Lastly, Cava is a wonderful and flavorful sparkling wine from Spain. Cava is most comparable to Champagne in both taste and production, with the biggest difference being the grapes. Its naming restrictions require it to be made in the traditional method. Commonly a white or Rosé blend, it is typically made with the Macabeu grape. To create Cava Rosé, vintners use the Spanish Garnacha and blend it with Macabeu for a sweeter, fruity flavor. About 95% of all Cava is produced in the Penedès area in Catalonia, Spain, but there are also some popular bottles from Rioja. Cava is very popular in Catalan and Spanish family traditions and tends to pair well with a variety of foods like tapas, seafood and even sushi. The flavor profile has a range, but typically features a more bitter taste than Prosecco, but not as nutty of a taste as Champagne.

There are plenty of other sparkling wines that do not fall into one of these three categories.

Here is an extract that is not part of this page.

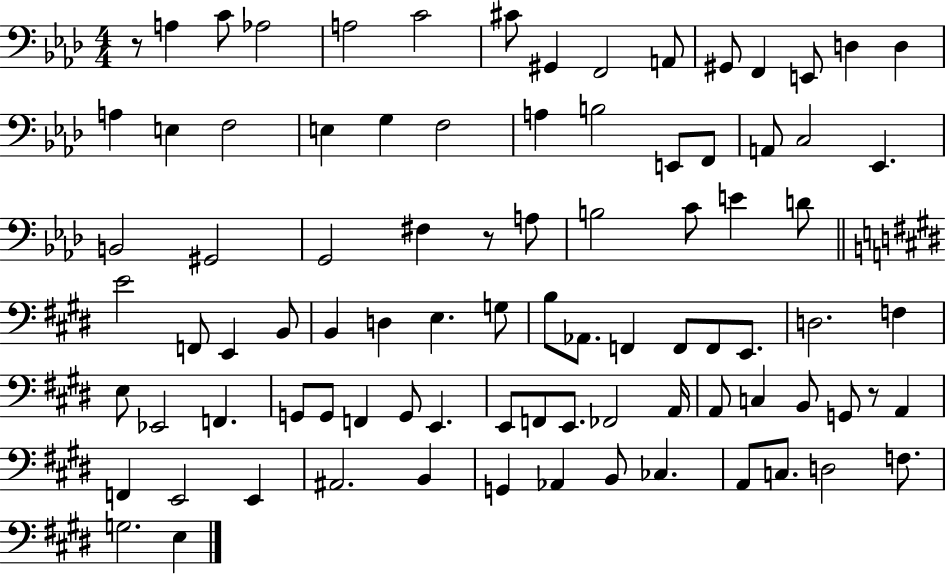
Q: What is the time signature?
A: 4/4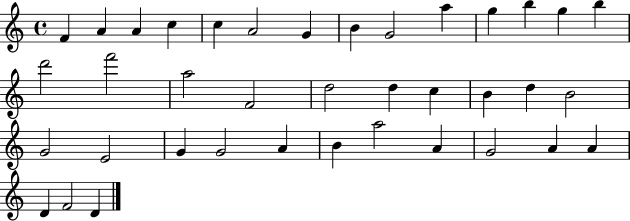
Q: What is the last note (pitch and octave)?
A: D4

Some of the most popular sparkling regions are the United States, New Zealand, Australia and Germany. These countries do not have strict production regulations, which allow for a wider range of flavors, textures and styles. The best way to learn what you like is by allowing yourself to try something new each time you shop.

It is a common misconception that higher price equals better quality when shopping sparkling wines. While it is sometimes nice to splurge on a higher priced bottle for a big occasion, it isn’t always necessary. At the end of the day, you should focus on celebrating with something you enjoy drinking. Ask your tastebuds what they are looking for.

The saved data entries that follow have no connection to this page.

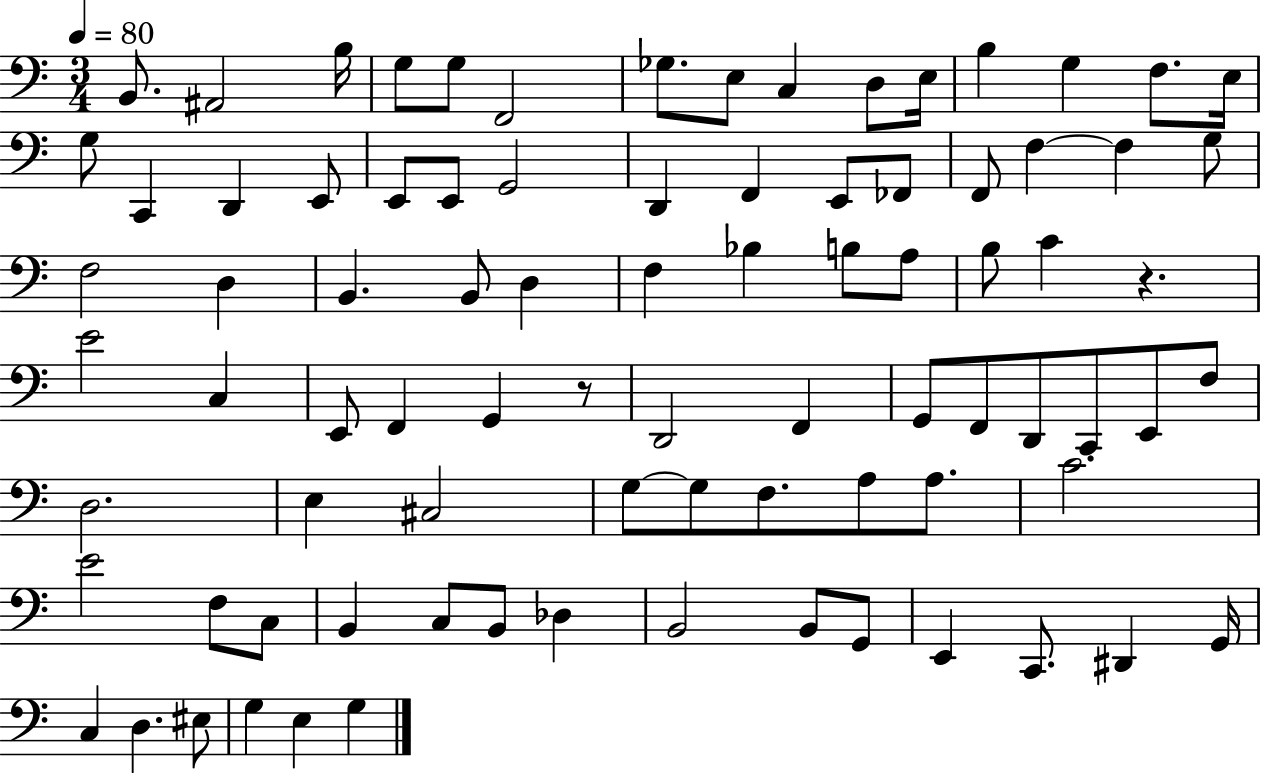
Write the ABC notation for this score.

X:1
T:Untitled
M:3/4
L:1/4
K:C
B,,/2 ^A,,2 B,/4 G,/2 G,/2 F,,2 _G,/2 E,/2 C, D,/2 E,/4 B, G, F,/2 E,/4 G,/2 C,, D,, E,,/2 E,,/2 E,,/2 G,,2 D,, F,, E,,/2 _F,,/2 F,,/2 F, F, G,/2 F,2 D, B,, B,,/2 D, F, _B, B,/2 A,/2 B,/2 C z E2 C, E,,/2 F,, G,, z/2 D,,2 F,, G,,/2 F,,/2 D,,/2 C,,/2 E,,/2 F,/2 D,2 E, ^C,2 G,/2 G,/2 F,/2 A,/2 A,/2 C2 E2 F,/2 C,/2 B,, C,/2 B,,/2 _D, B,,2 B,,/2 G,,/2 E,, C,,/2 ^D,, G,,/4 C, D, ^E,/2 G, E, G,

ABC has a wonderful selection of sparkling wines under $15 that won’t break the bank or skimp on flavor. Need extra assistance when shopping? Our ABC wine consultants can help.

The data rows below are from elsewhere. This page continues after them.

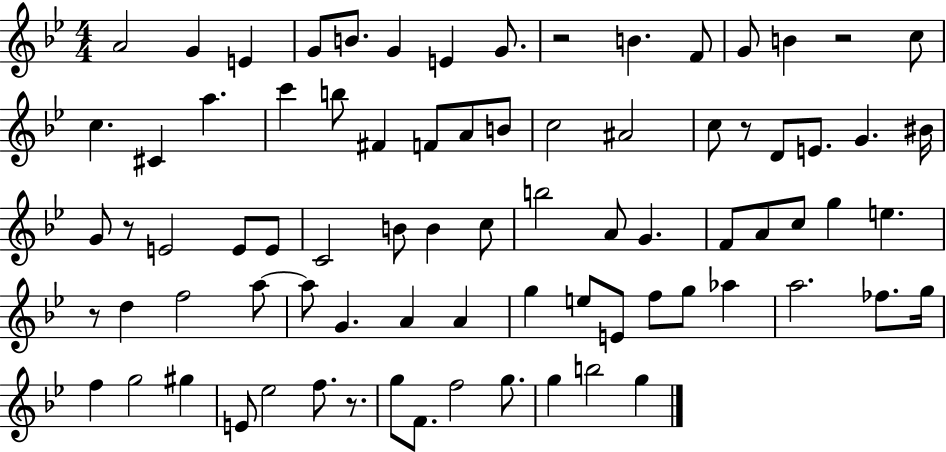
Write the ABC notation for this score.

X:1
T:Untitled
M:4/4
L:1/4
K:Bb
A2 G E G/2 B/2 G E G/2 z2 B F/2 G/2 B z2 c/2 c ^C a c' b/2 ^F F/2 A/2 B/2 c2 ^A2 c/2 z/2 D/2 E/2 G ^B/4 G/2 z/2 E2 E/2 E/2 C2 B/2 B c/2 b2 A/2 G F/2 A/2 c/2 g e z/2 d f2 a/2 a/2 G A A g e/2 E/2 f/2 g/2 _a a2 _f/2 g/4 f g2 ^g E/2 _e2 f/2 z/2 g/2 F/2 f2 g/2 g b2 g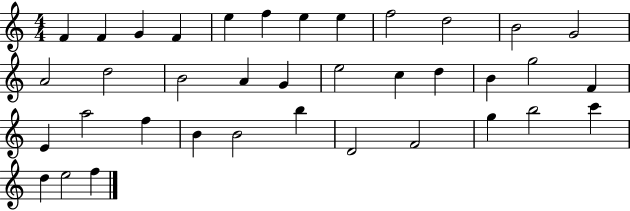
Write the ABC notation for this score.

X:1
T:Untitled
M:4/4
L:1/4
K:C
F F G F e f e e f2 d2 B2 G2 A2 d2 B2 A G e2 c d B g2 F E a2 f B B2 b D2 F2 g b2 c' d e2 f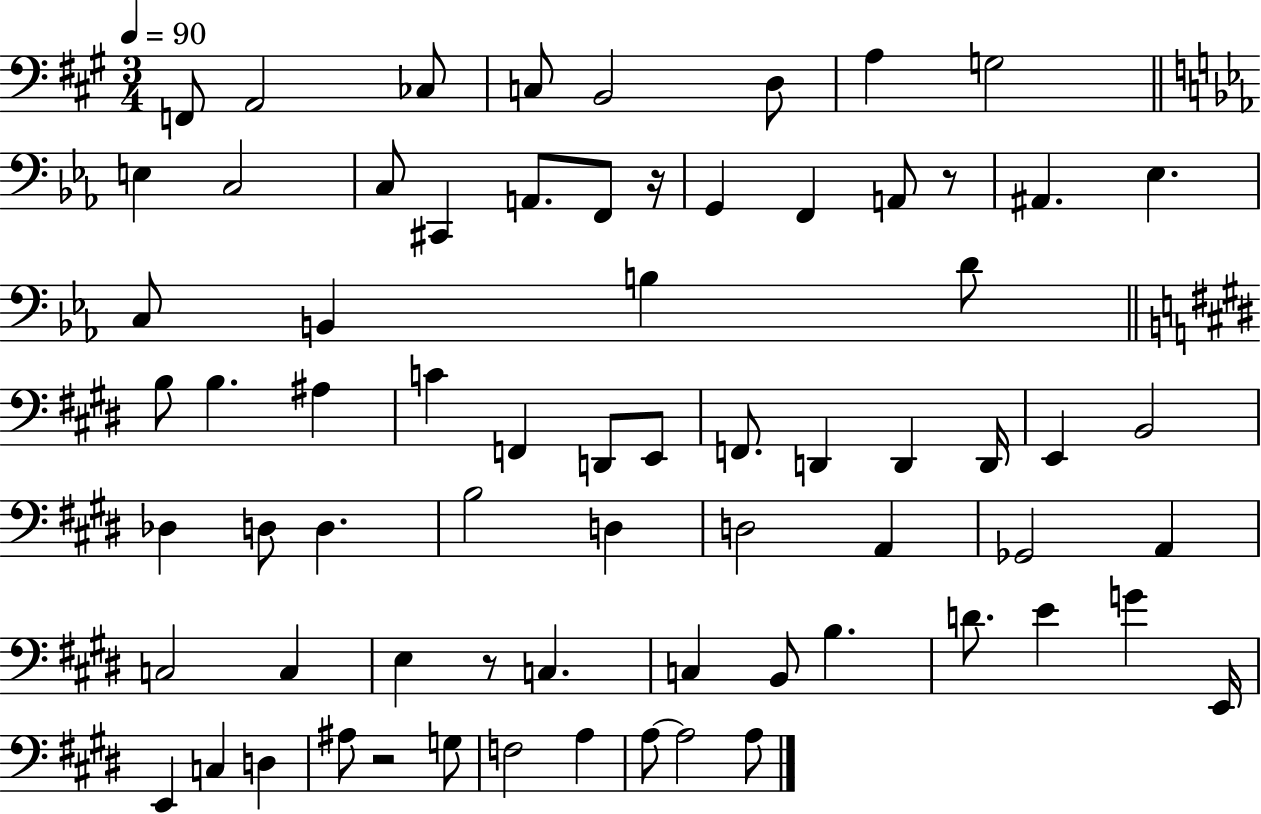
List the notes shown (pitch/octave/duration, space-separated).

F2/e A2/h CES3/e C3/e B2/h D3/e A3/q G3/h E3/q C3/h C3/e C#2/q A2/e. F2/e R/s G2/q F2/q A2/e R/e A#2/q. Eb3/q. C3/e B2/q B3/q D4/e B3/e B3/q. A#3/q C4/q F2/q D2/e E2/e F2/e. D2/q D2/q D2/s E2/q B2/h Db3/q D3/e D3/q. B3/h D3/q D3/h A2/q Gb2/h A2/q C3/h C3/q E3/q R/e C3/q. C3/q B2/e B3/q. D4/e. E4/q G4/q E2/s E2/q C3/q D3/q A#3/e R/h G3/e F3/h A3/q A3/e A3/h A3/e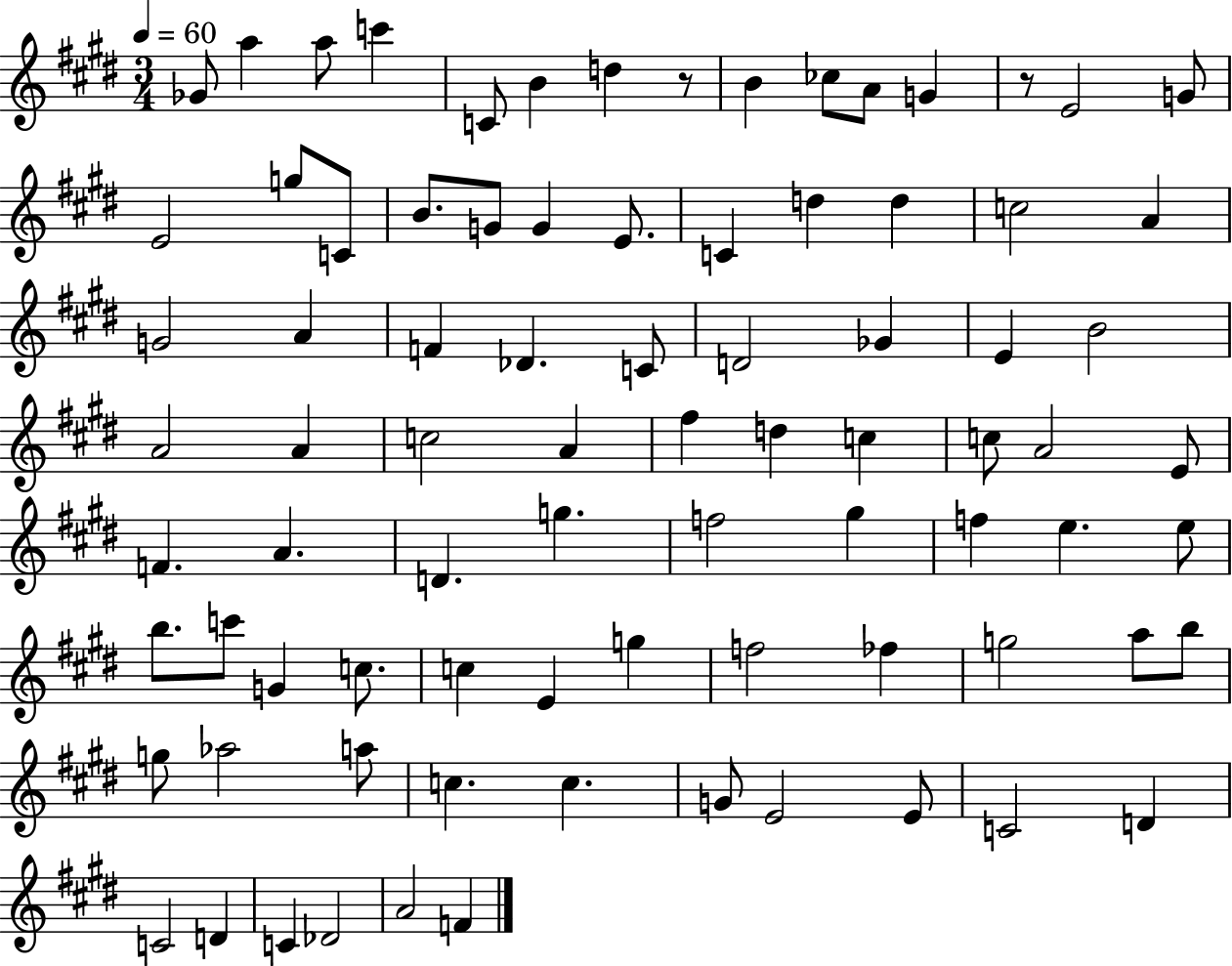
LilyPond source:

{
  \clef treble
  \numericTimeSignature
  \time 3/4
  \key e \major
  \tempo 4 = 60
  \repeat volta 2 { ges'8 a''4 a''8 c'''4 | c'8 b'4 d''4 r8 | b'4 ces''8 a'8 g'4 | r8 e'2 g'8 | \break e'2 g''8 c'8 | b'8. g'8 g'4 e'8. | c'4 d''4 d''4 | c''2 a'4 | \break g'2 a'4 | f'4 des'4. c'8 | d'2 ges'4 | e'4 b'2 | \break a'2 a'4 | c''2 a'4 | fis''4 d''4 c''4 | c''8 a'2 e'8 | \break f'4. a'4. | d'4. g''4. | f''2 gis''4 | f''4 e''4. e''8 | \break b''8. c'''8 g'4 c''8. | c''4 e'4 g''4 | f''2 fes''4 | g''2 a''8 b''8 | \break g''8 aes''2 a''8 | c''4. c''4. | g'8 e'2 e'8 | c'2 d'4 | \break c'2 d'4 | c'4 des'2 | a'2 f'4 | } \bar "|."
}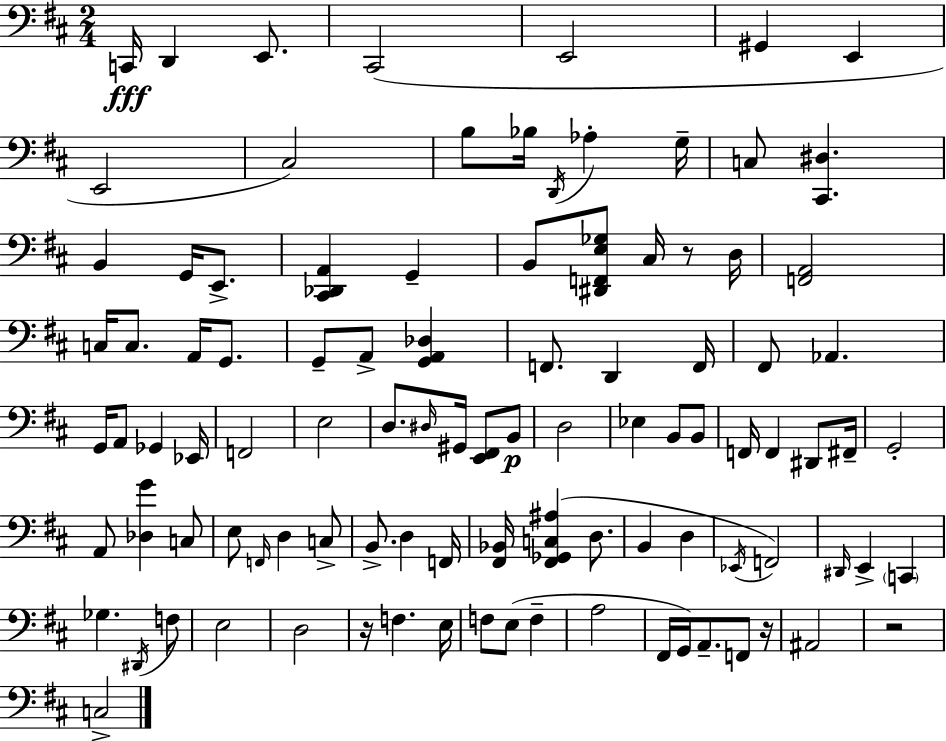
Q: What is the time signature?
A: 2/4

Commonly asked questions about sparkling wine:

  1. Where should I store my sparkling wine? Sparkling wines keep best at a cooler temperature. We recommend storing them in a location that is dark and cool and limits direct sunlight. Warmer temperatures cause the carbonation to fizz up and may lead to the cork popping prematurely. Some sparkling wines, like Champagne, should only be stored in the fridge for a short period of time before serving or you risk drying them out.

  2. How long can I keep a sparkling wine for? When storing Champagne, keep the bottle on its side in order to keep the cork moist. This will help maintain the flavor. For other sparkling wines, store them up-right to keep the cork dry to prevent spoilage. Once opened, your sparkling wine has about a 3-5-day life span for enjoyment. In order to maximize this, use a sparkling wine stopper to preserve the carbonation.

  3. Is sparkling wine a dessert/sweet wine? Some sparkling wines do veer towards the sweeter side. Most are considered an aperitif, meaning they are classified as a “pre-dinner” drink. However, this does not mean there are not varietals intended for post-meal consumption. Sweeter sparkling wines will be labeled “demi-sec” or “dolce” to show they have extra sugar added for a sweeter flavor. In general, we support drinking any form of sparkling wines whenever you see fit. These “rules” are more of a suggestion and should really depend on your personal tastes and desires.

  4. Are sparkling wines a healthier choice? In comparison to red or white wines, sparkling wines tend to be healthier. They average less calories per serving size. Additionally, the carbonation can fill you up faster, causing you to consume less. However, it is important to keep in mind the specific type of sparkling wine you are consuming. Bottles labeled “brut” or “extra brut” imply that less sugar is used during production and tend to be considered healthier for this reason. Sparkling wines, as a whole, also tend to also have a lower alcohol by volume (ABV) than other varietals.